First off, settle down. It’s just a Porsche Cayman. A new Accord cost more than this did. The Chevy Cavalier of Porsche. What prompts this German shitbox to a magnificent platform? What makes them an excellent candidate for the Gridlife Touring Cup or time attack? Let’s start with how the determination to get a Porsche developed.

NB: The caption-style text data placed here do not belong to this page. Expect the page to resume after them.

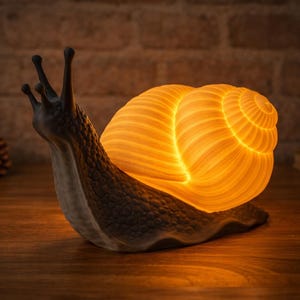 May include: A whimsical snail-shaped lamp with a glowing, spiraled shell. The lamp's shell emits a warm, orange light, contrasting with the dark gray body. The lamp is a decorative accent piece, perfect for a bedside table or shelf.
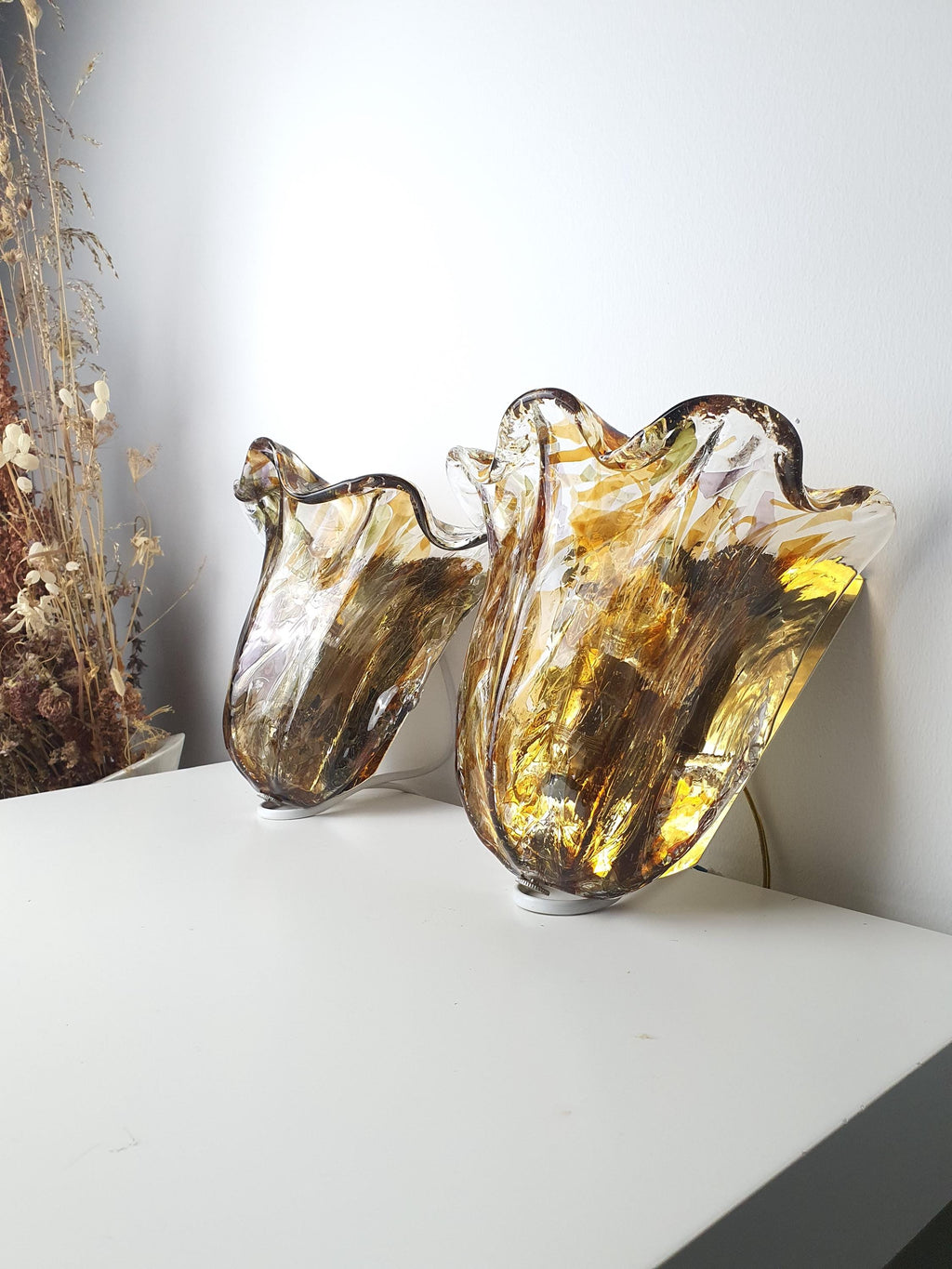Green glass accents within an autumn-coloured tulip shade
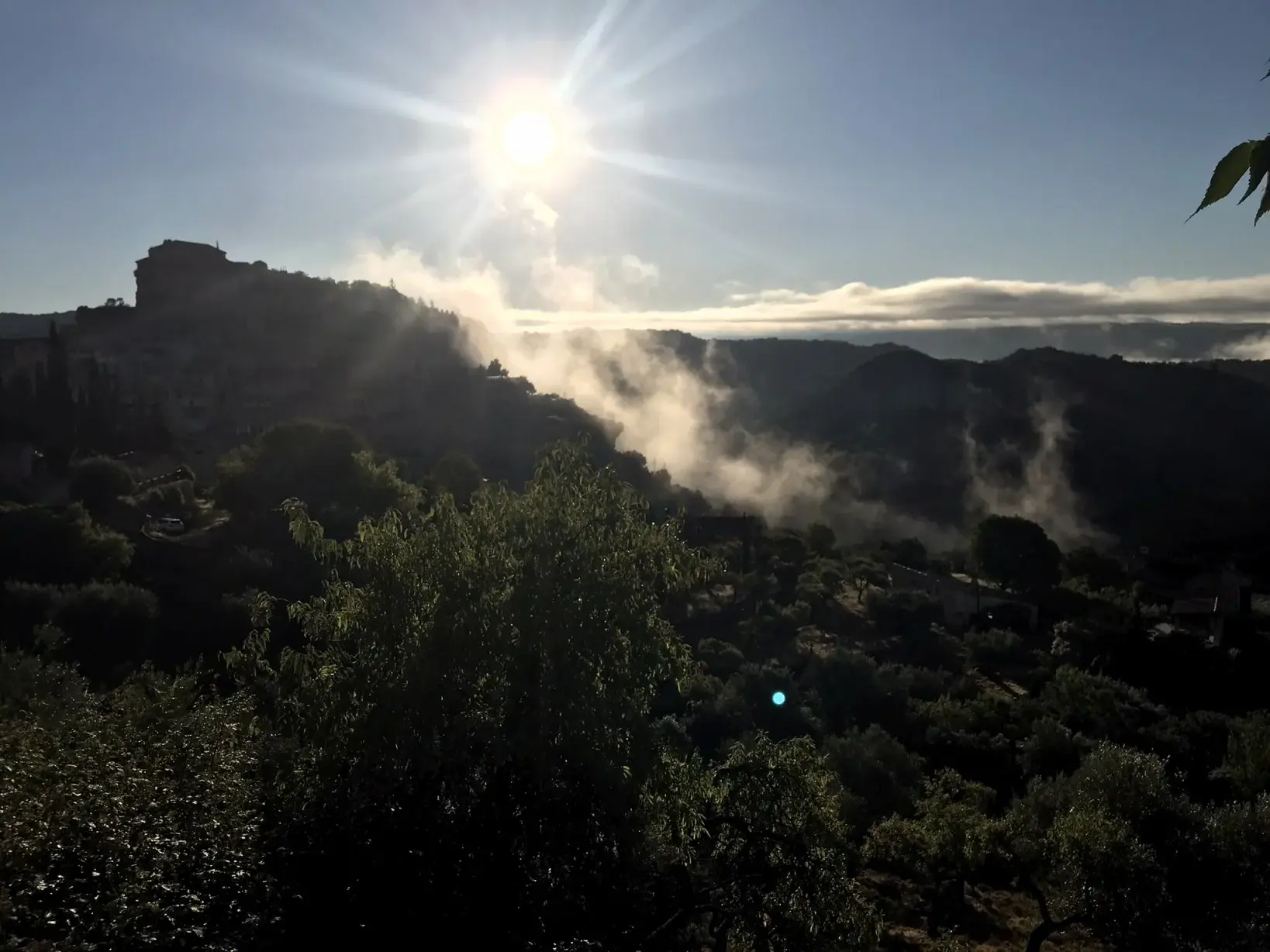 Sonnenaufgang über der Berglandschaft der Sierra de Guara mit Nebelschwaden in den Tälern und Blick auf das Dorf Alquézar.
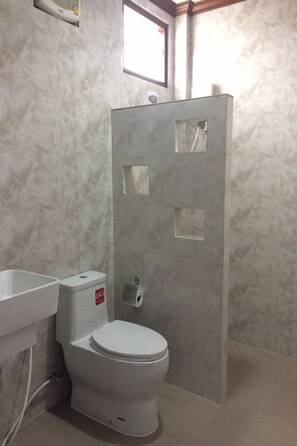 A bathroom with a toilet, a shower enclosure, and a sink. - Tai Baan Resort (Phanom Sarakham)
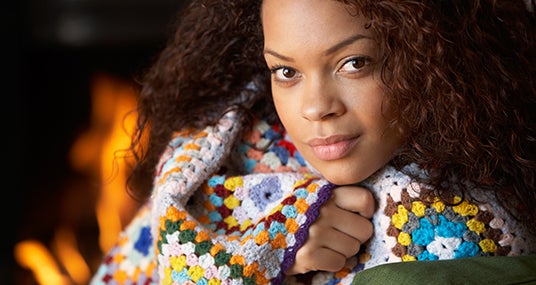 Woman keeping warn with a blanket and fire © oliveromg/Shutterstock.com
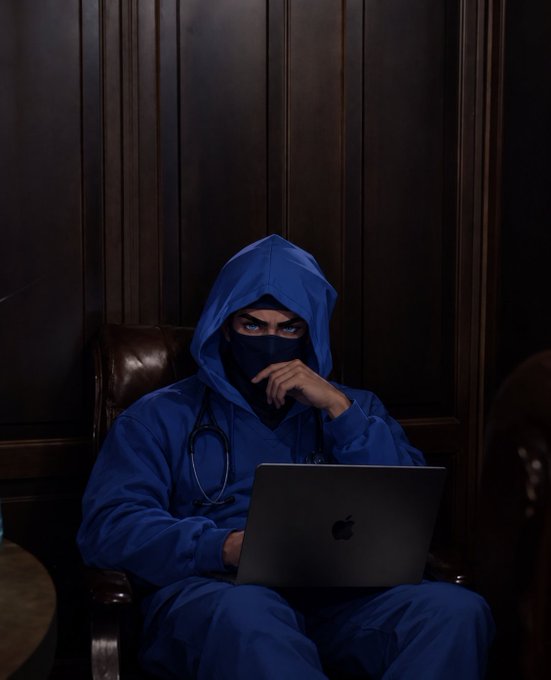 A person in a blue hooded jacket and matching face mask sits in a dark room with an Apple laptop and a stethoscope around their neck.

Cavalier and the Glexus in the pits at Gridlife Chicago 2022

Here is a brief recap of what took place with the C5: Goodbye Bonnie. I sold the C5 because of the sour taste the shop left behind in my mouth and for the extent of work the C5 required after it was left there. Moving the C5 left me with a void in my spirit only a poor financial decision can fill. I needed another car that I was on teenage Devin’s dream list. In this current market, it seemed every car is an expensive dream. One car I’ve craved is a Mitsubishi Evo 4-6. An IV was doable when I bought the C5. Unfortunately, as they get closer to the USA’s 25-year import rule, their prices have skyrocketed. I assumed that being friends with Dave from Speed Academy would get me a primo deal on theirs, but noooo, they wouldn’t sell. What kind of friend doesn’t help a brother in need? An asshole, that’s who!

Interior of the Cavalier

With that pipedream closed, I had to switch up my criteria for buying a new to me car to fit my massive dreams and limited budget. It has to be affordable; I shouldn’t have to cry or move money around when the car note hits my bank account. It’s essential I feel cool while driving it. The chassis must have laurels for being outstanding from club racing enthusiasts. The aftermarket has to have an average amount of support for it. The aftermarket must have active support for it, meaning there should be at least three options out there for the exhaust system. An individual caveat for myself is I can’t have owned the platform in the past. This left me with a list of three cars. A 09-12 Porsche Cayman, 17-19 Alfa Romeo Giulia TI, and a 05-15 Mazda Miata.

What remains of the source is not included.